Every PyTorch tensor carries metadata: a `.grad_fn` attribute that stores the operation that created it and its backward function. When a tensor is the product of operations (matmul, addition, activation), its grad_fn points to the computation that produced it. During backpropagation, PyTorch traverses this graph in reverse, calling each function's backward method to compute gradients. This dynamic graph construction—built fresh on every forward pass—is PyTorch's defining feature versus static graph frameworks like TensorFlow 1.x. The cost is flexibility and debuggability; the benefit is that control flow (if-statements, loops) within the forward pass is fully supported. For practitioners, understanding grad_fn reveals whether a tensor is differentiable and helps debug why `.backward()` fails. Detaching tensors with `.detach()` breaks the grad_fn chain, enabling scenarios like sampling from a distribution during forward pass while computing gradients through the log-probability, not the sample itself.
PyTorch's broadcasting rules extend NumPy's conventions to higher-dimensional tensors: dimensions of size 1 expand to match other operands, and missing dimensions are treated as size 1. This enables powerful element-wise operations without explicit expansion, but misunderstanding broadcasting is a common source of shape errors and numerical issues. For instance, subtracting a per-token bias (shape [T, 1]) from logits (shape [B, T, V]) silently broadcasts the bias across batch and vocabulary dimensions—correct behavior, but easy to accidentally reverse. Beyond correctness, broadcasting interacts with numerical stability: some operations like log-softmax have numerically unstable implementations without proper broadcasting (log-sum-exp requires subtracting the maximum per example to prevent overflow). PyTorch provides numerically-stable variants like `F.log_softmax()` and `F.cross_entropy()` that internally manage broadcasting and numerical precision, making them safer defaults than manual implementations.

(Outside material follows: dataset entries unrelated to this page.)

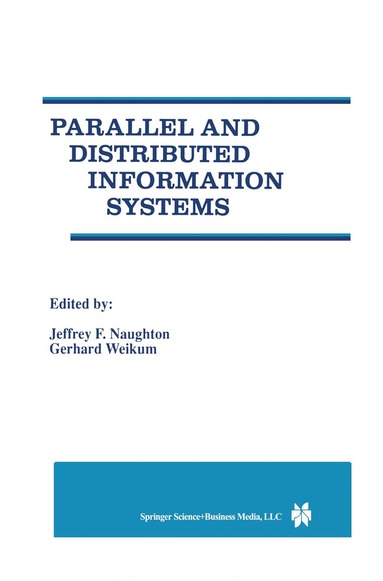 Jeffrey F. Naughton, Gerhard Weikum - Parallel and Distributed Information Systems, Inbunden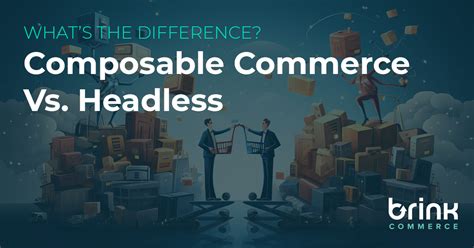 Composable Commerce Vs Headless The Differences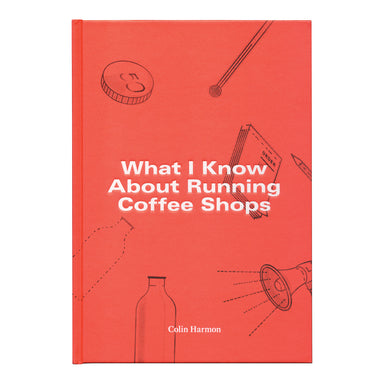 What I Know about Running Coffee Shops by Colin Harmon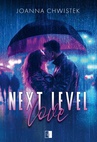 ebook Next Level Love - Joanna Chwistek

PyTorch tensors maintain a view-based memory model where many operations don't allocate new memory but create alternative interpretations of the same underlying data. Operations like transpose, reshape, and narrowing can return views without copying when the data is contiguous in memory. This property enables writing efficient code: a reshape(B*T, D) on a (B, T, D) tensor for feeding into a linear layer costs nearly zero memory if the tensor is C-contiguous. Understanding when operations return views versus copies is crucial for managing CUDA memory in large-scale training. The `.is_contiguous()` method reveals whether reshaping will be a copy operation, and `.contiguous()` forces a copy when necessary. In production pipelines, this distinction becomes the difference between fitting 8 GPUs' worth of data through a single GPU or running out-of-memory errors on the same hardware.